Major Acid's E-Rag
It Strikes Me...
Mr Chretien
Taking shots at politicians is something of a national pastime in
Canada. That is one of the benefits of being Canadian. You can’t do that
as freely in many, if not most, other countries.
Even in the United States, at least for a while after 9-11, it was
chancy to make fun of President Bush. To do so was labeled unpatriotic.
One couldn’t comment, for example, about his apparent cowardice during
the 9-11 attacks. Maybe it was his aides panicking who kept the
President flying around in (and, at least figuratively, hiding under the
seats of) Air Force One. There has since been a determined effort to
rehabilitate that sad moment, apparently in the belief that Mr Bush
could be made to seem like Harrison Ford as the President in the
Hollywood version of Air Force One, and apparently in the belief that
Americans would buy the image.
In Canada, we have Jean Chretien, but he doesn’t have a plane. He has a
wife. If you recall (and the Liberal pr flacks don’t want you to recall)

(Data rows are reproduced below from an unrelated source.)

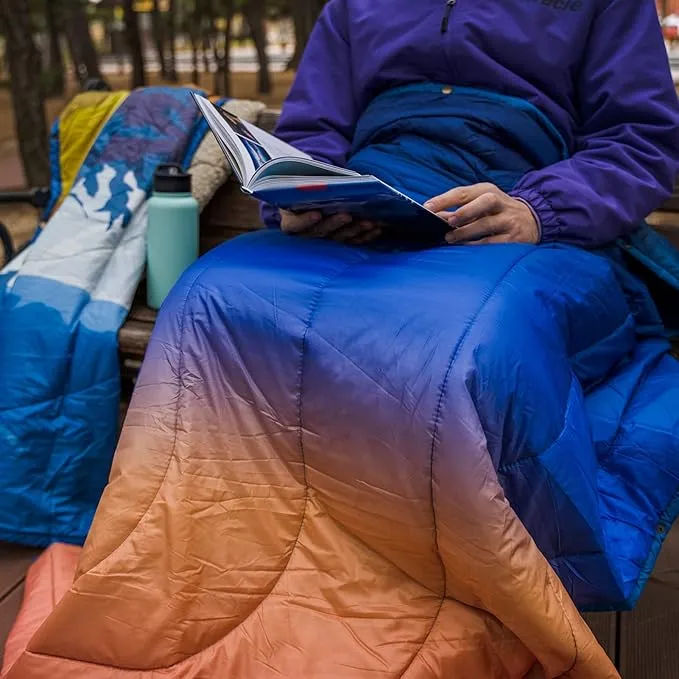 Puffy Blanket - Extra Light and Fluffy Warm Camping Blanket, Perfect for Camping and Backpacking, Compact, Insulated, Packable, Down - Alternative Camp Blankets for Outdoor & Indoor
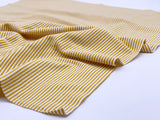 F035 Cotton Knit Fabric 2mm Tiny Stripes  45×40cm Stretchy Fabric Doll Sewing Craft Doll Clothes Making Sewing Supply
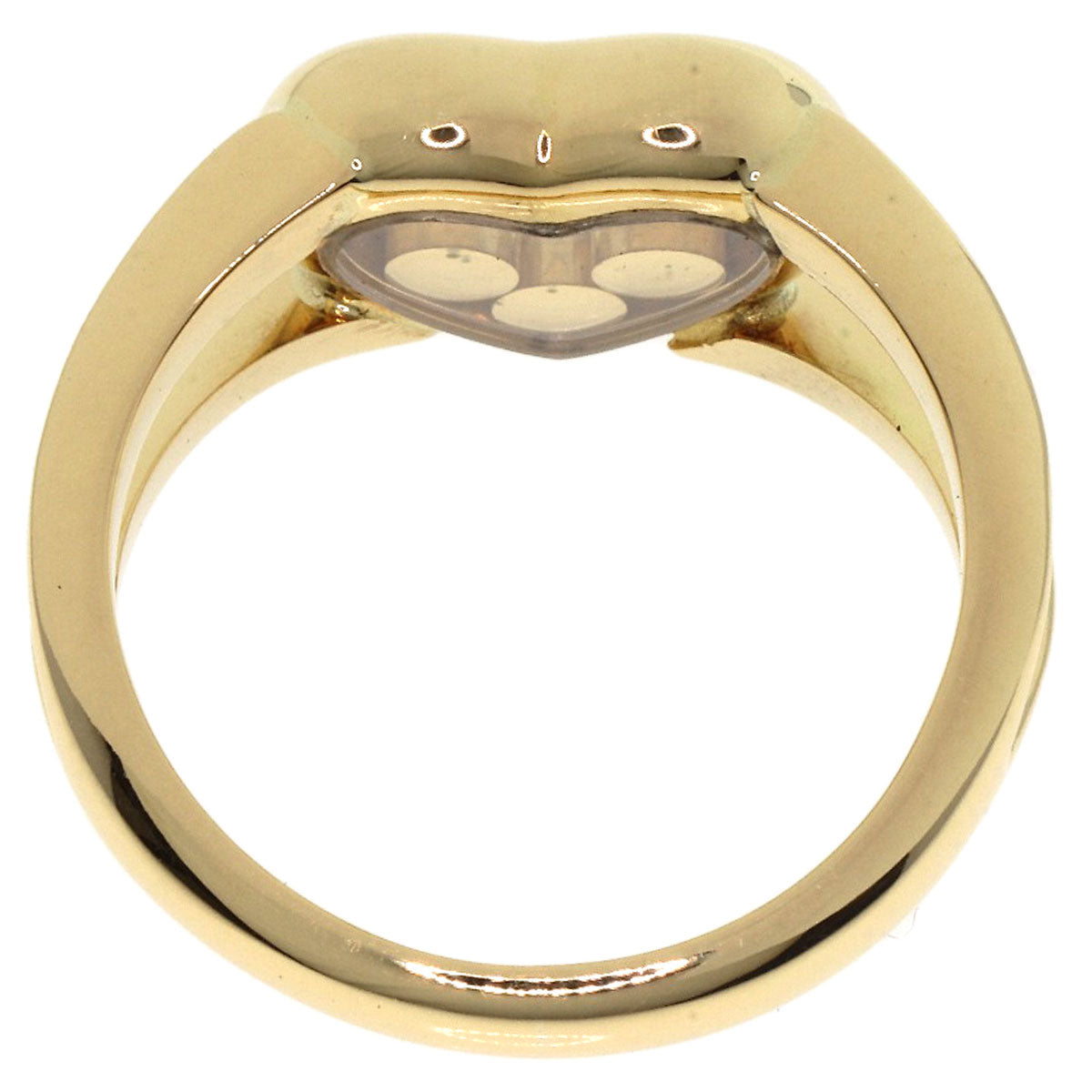 Chopard   Ring Happy diamond Ruby Sapphire K18 Yellow Gold Ladies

after an intruder somehow found his way past the Mounties to happily
wander around 24 Sussex Drive, it was apparently Aline Chretien who left
the bedroom for a look-see while the Prime Minister hid (at least
figuratively) under the covers.
That was a while ago, and people have pretty much forgotten the
incident. We have far more recent, and far more troubling, concerns
about Mr Chretien to occupy our time. He is, after all, our very first,
homegrown Canadian dictator.
Mr Chretien is in control of political power in Canada, and no one can
make him give it up. He has said he will retire, but he hasn’t gone
away. And no one can make him go away.
He has been busy making policy for which he is totally unaccountable,
and he is unaccountable because he won’t be going back to the polls
again. At least if we believe him. He has said he will retire, but he
has a history of lying to us all: GST … free trade … take your pick.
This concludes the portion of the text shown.